The article, published on the day when prominent Russian opposition leader Boris Nemtsov was assassinated, was widely quoted and spurred further discussions on how accessible healthcare is in Russia.
Timchenko says that Meduza, despite its fast growth, is not facing any pressure from Moscow partly because it is still small, plus it is based in the European Union.
She says that in current Russia, media have given up on resisting the authorities before any serious threats were implemented. Reminiscent of the Soviet repercussions on free media, most outlets chose to comply before they were forced to, Timchenko said.
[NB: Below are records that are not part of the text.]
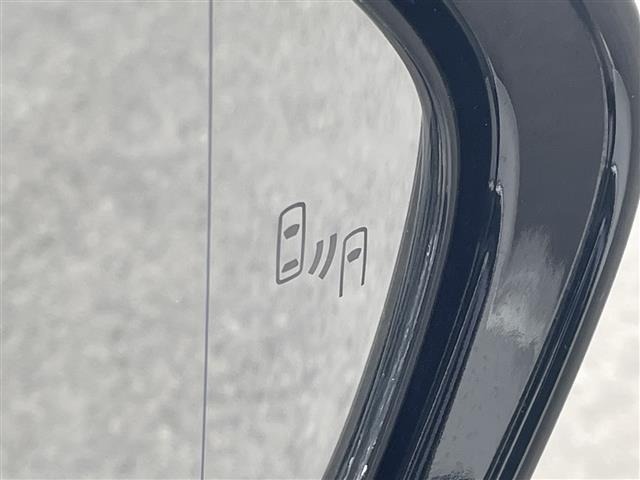 Toyota PRIUS PHV 2019 8101758-21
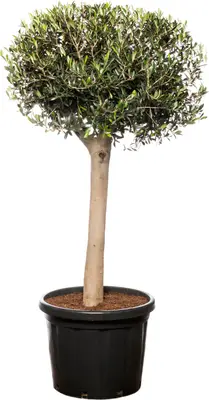 Olijfboom (Olea europaea) D 33 H 180 cm bij Intratuin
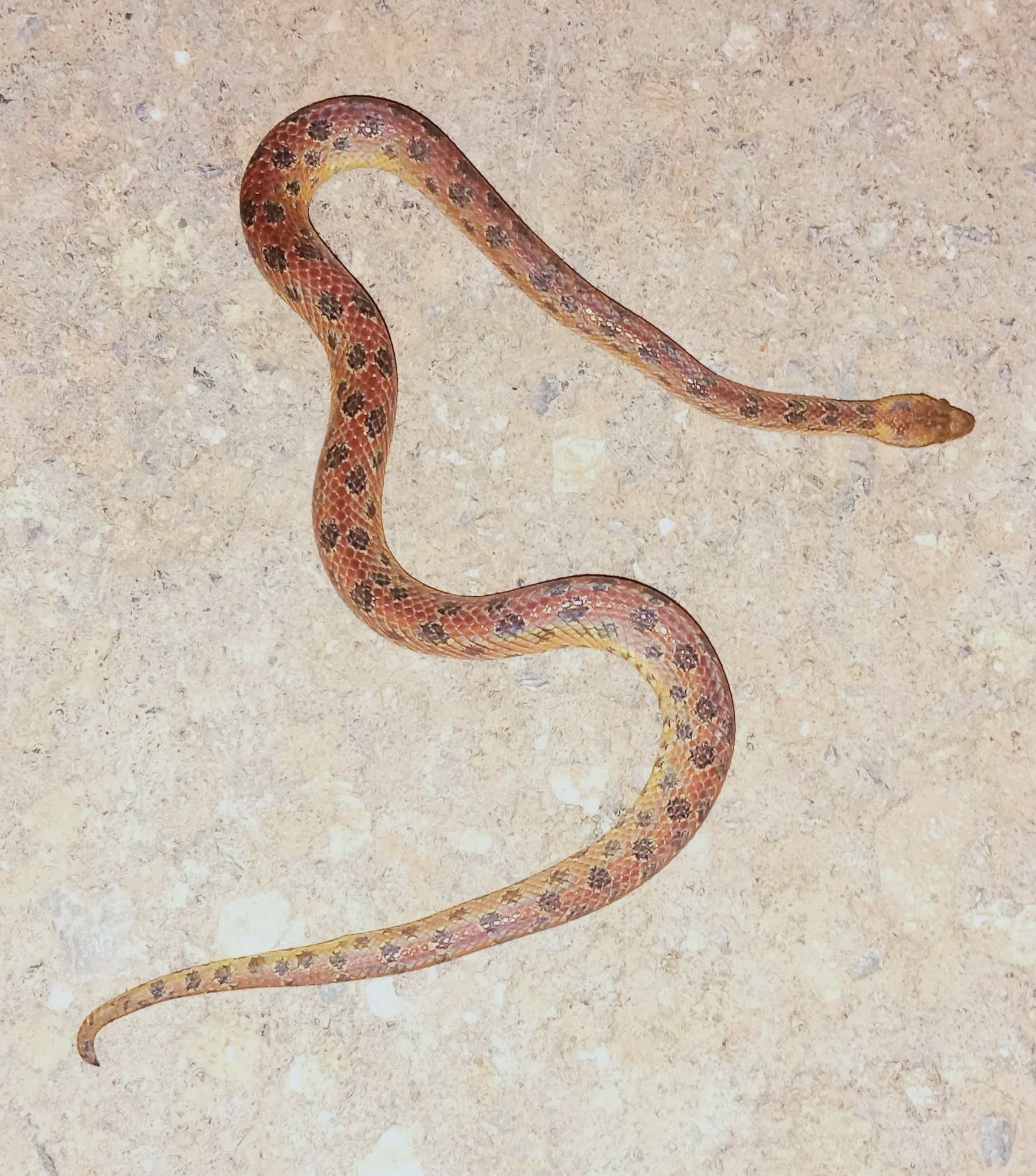 Spotted Dwarf Boa photo 4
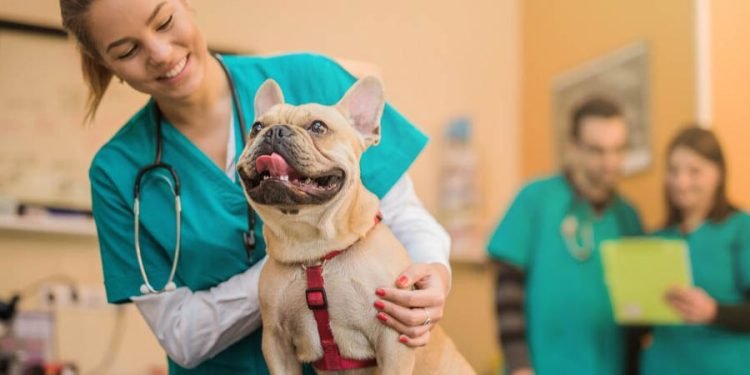 Pros and Cons of Being a Veterinarian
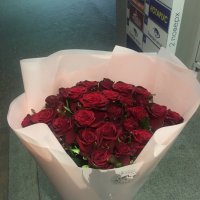 Фотография цветов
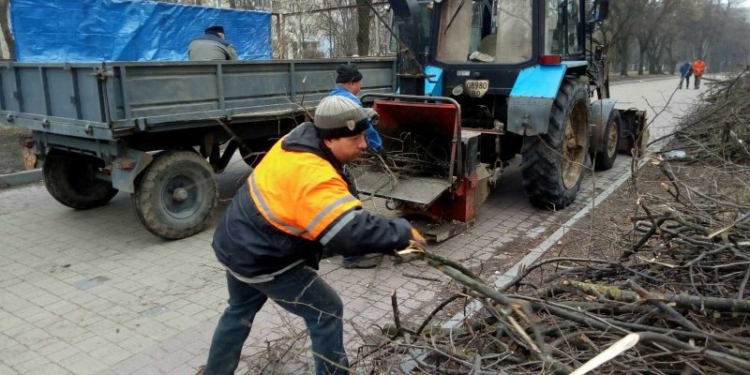 У Тернополі триває санітарна обрізка дерев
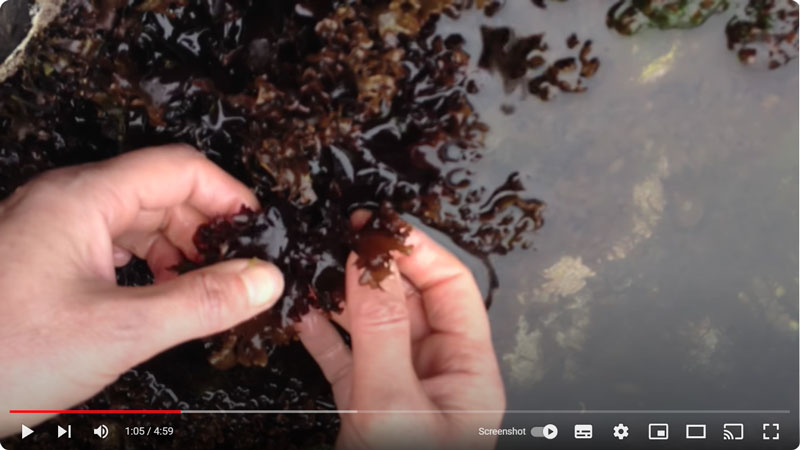 Carragheen seaweed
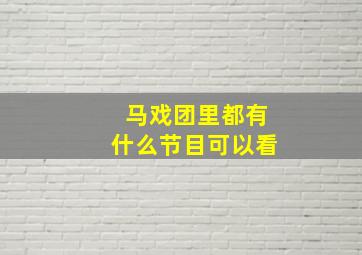 马戏团里都有什么节目可以看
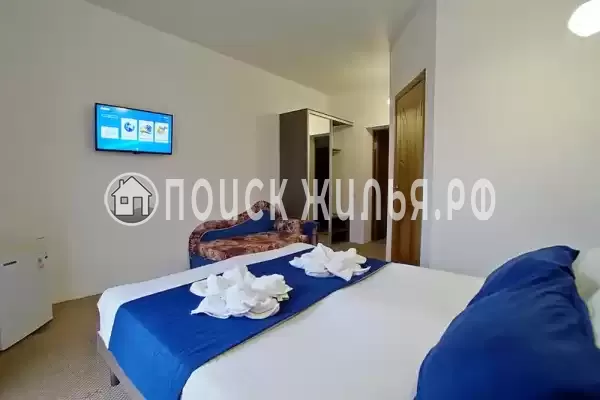 «Белое солнце» «Белое солнце»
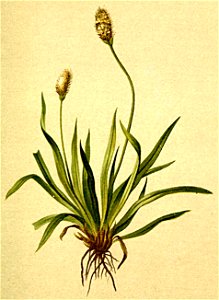 Plantago alpina Atlas Alpenflora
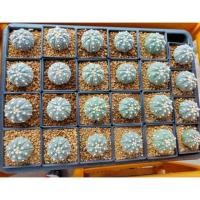 ราคา กระบองเพชร แคคตัส (Cactus) แอสโตรไฟตัม แอสทีเรียส (Astrophytum asterias) Big size (6207679973)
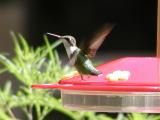 A little female Ruby Throated Hummingbird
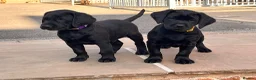 Labrador Retriever dogs for sale: KC Reg, Health Tested Girls - Advert 7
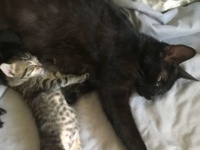 「ここで産ませてほしいの」ボーイフレンドの猫の家で出産した野良猫、そのまま家族に（アメリカ）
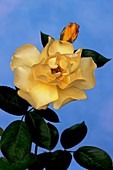 Rose (Rosa 'Casanova')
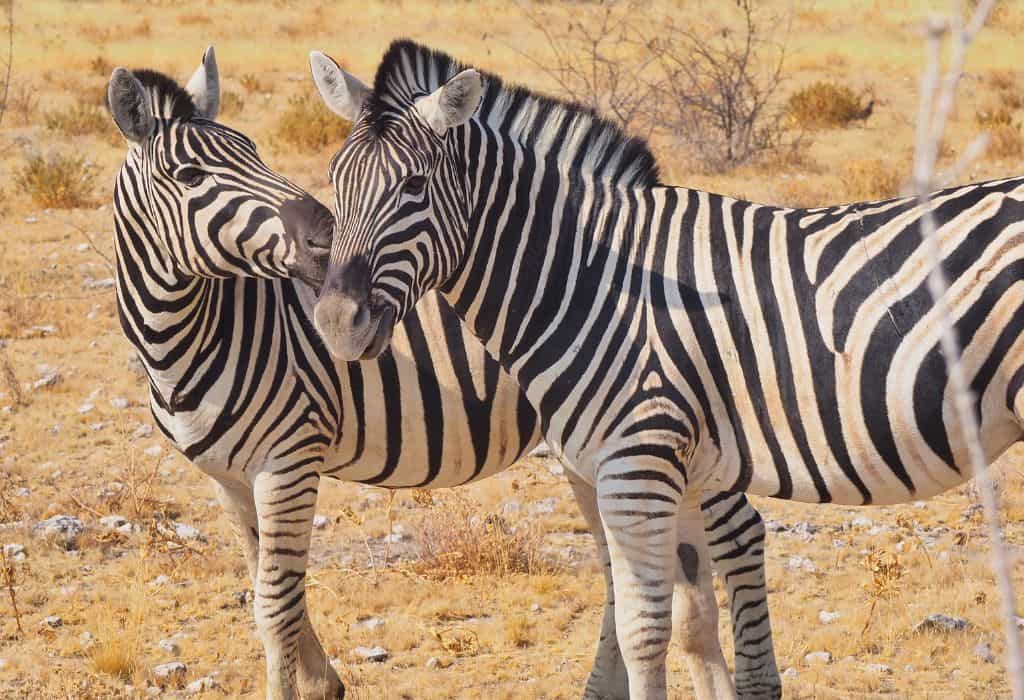 Zebras in Etosha National Park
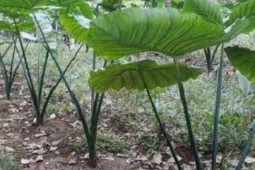 Petani Talas Beneng berpotensi raup rupiah di tengah pandemi COVID-19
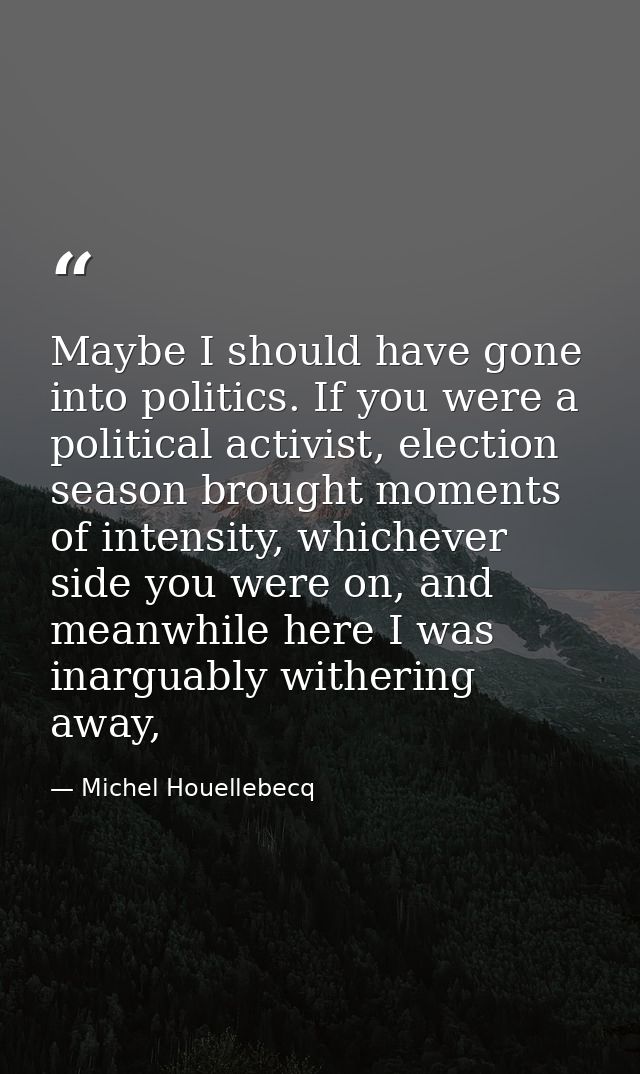 Maybe I should have gone into politics. If you were a political activist, election season brought moments of intensity,  — Michel Houellebecq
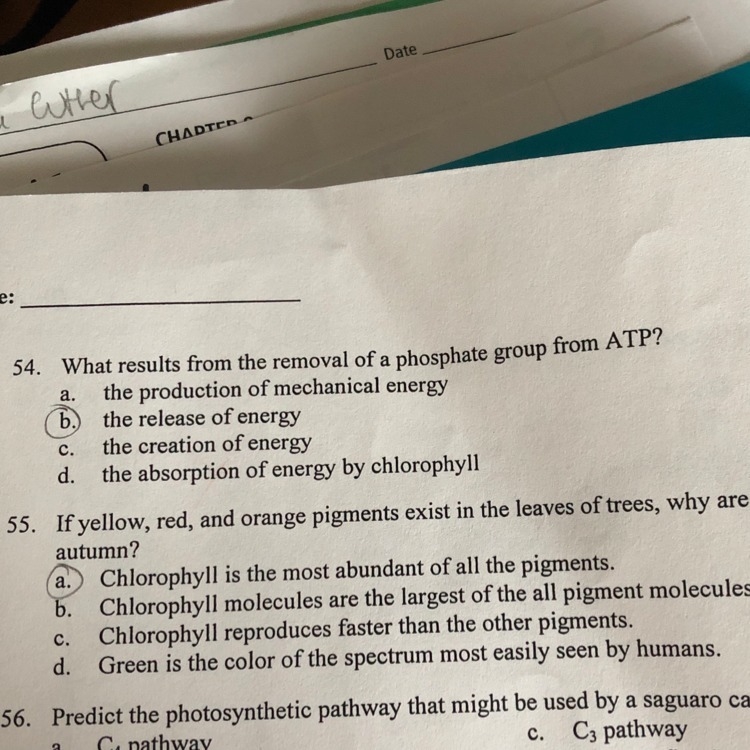 I️ need some help in question #54 Im pretty sure it’s either b or c-example-1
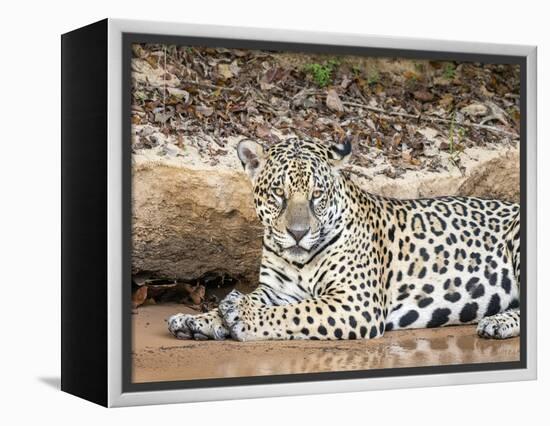 Adult female jaguar (Panthera onca), on the riverbank of Rio Tres Irmao, Mato Grosso, Pantanal-Michael Nolan-Framed Premier Image Canvas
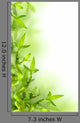 Bamboo and Green Leaves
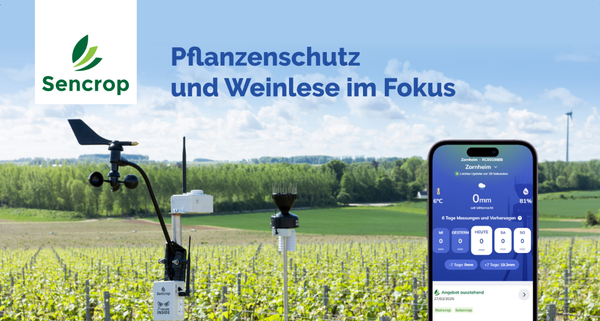Interview - Pflanzenschutz und Weinlese im Fokus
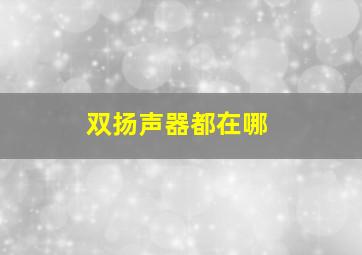 双扬声器都在哪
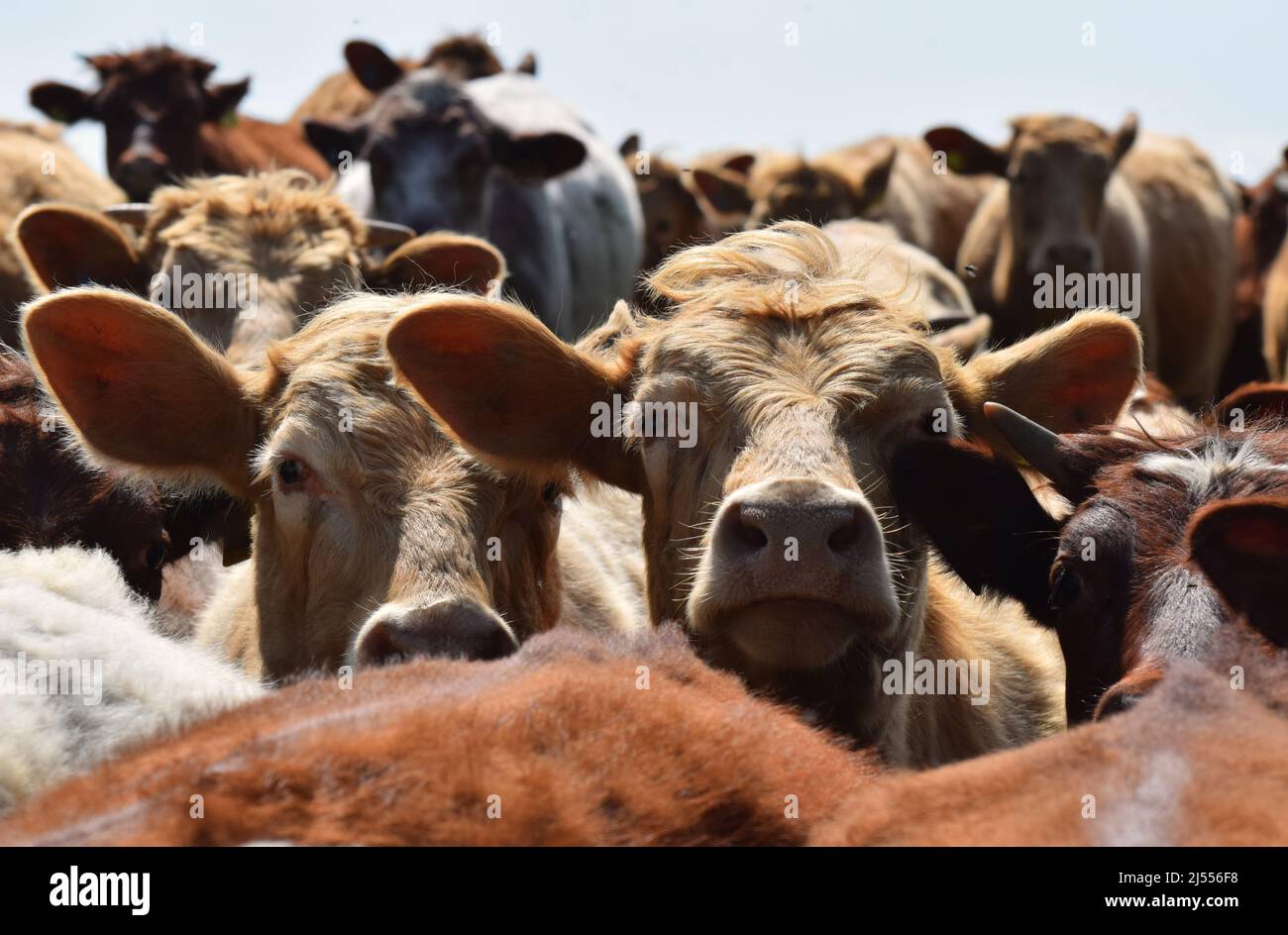 Nahaufnahme einer Herde britischer Milchkühe vor der Kamera Stockfoto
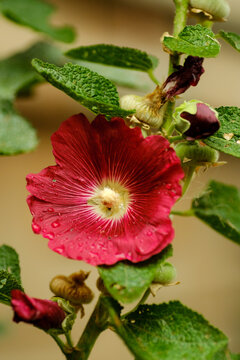 Red mallows bloom in the garden in autumn. Decorating the garden with mallows near the house.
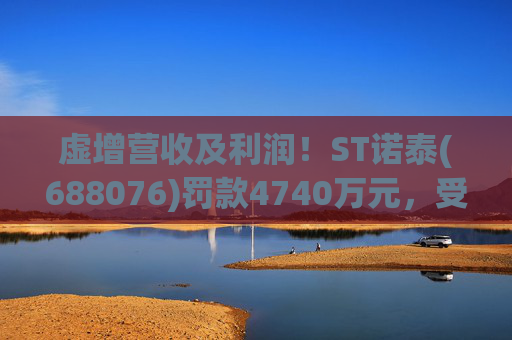 虚增营收及利润！ST诺泰(688076)罚款4740万元，受损投资者可索赔！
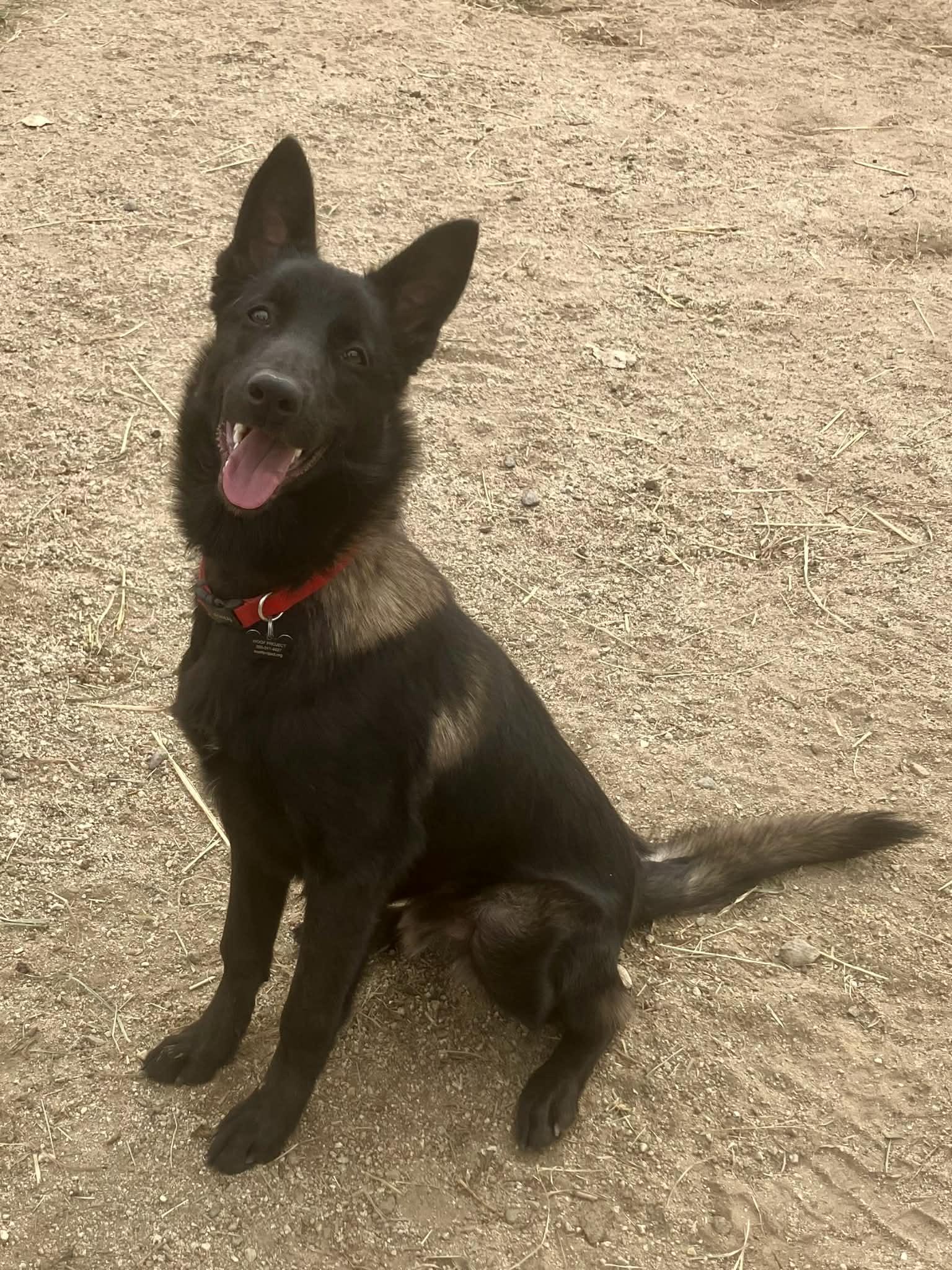 Enlarge Zahn, a Adoptable Belgian Shepherd / Malinois in Vancouver, WA image 6/6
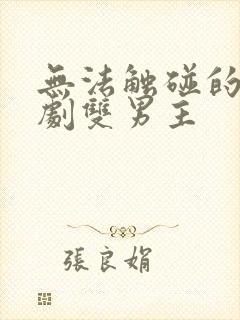 无法触碰的爱日剧双男主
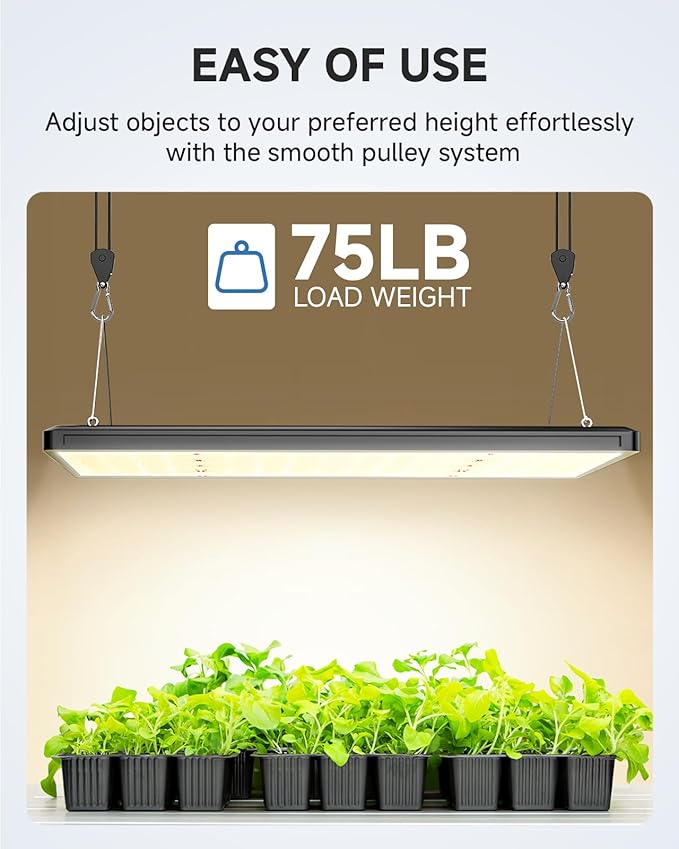 Fondwell 1/8" Adjustable Grow Light Hangers: 12 Pack of Ratchet Rope Tie Downs - Small Ratchet Straps for Various Hanging and Strapping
“The thunder didn’t even rumble and everyone got scared,” she said. “It’s like a [collective] memory reacting. Nothing special has happened yet, no journalist was handcuffed and taken away and hopefully it won’t happen, but before anything happened everyone got scared and retreated, put up the white flag. They are already racing to show their loyalty, completely forgetting the principles of the profession; completely forgetting that a journalist is not a comfortable character for everyone and that they should be inconvenient and unacceptable sometimes, because they aren’t allowed to sit comfortably.”
Timchenko, who says she is regularly getting calls from reporters all around Russia offering to write for Meduza, added she hopes her site will stay around for long.
“I would want us to stay for long. Because I am not ready to say we will work for three years and then split up,” she said.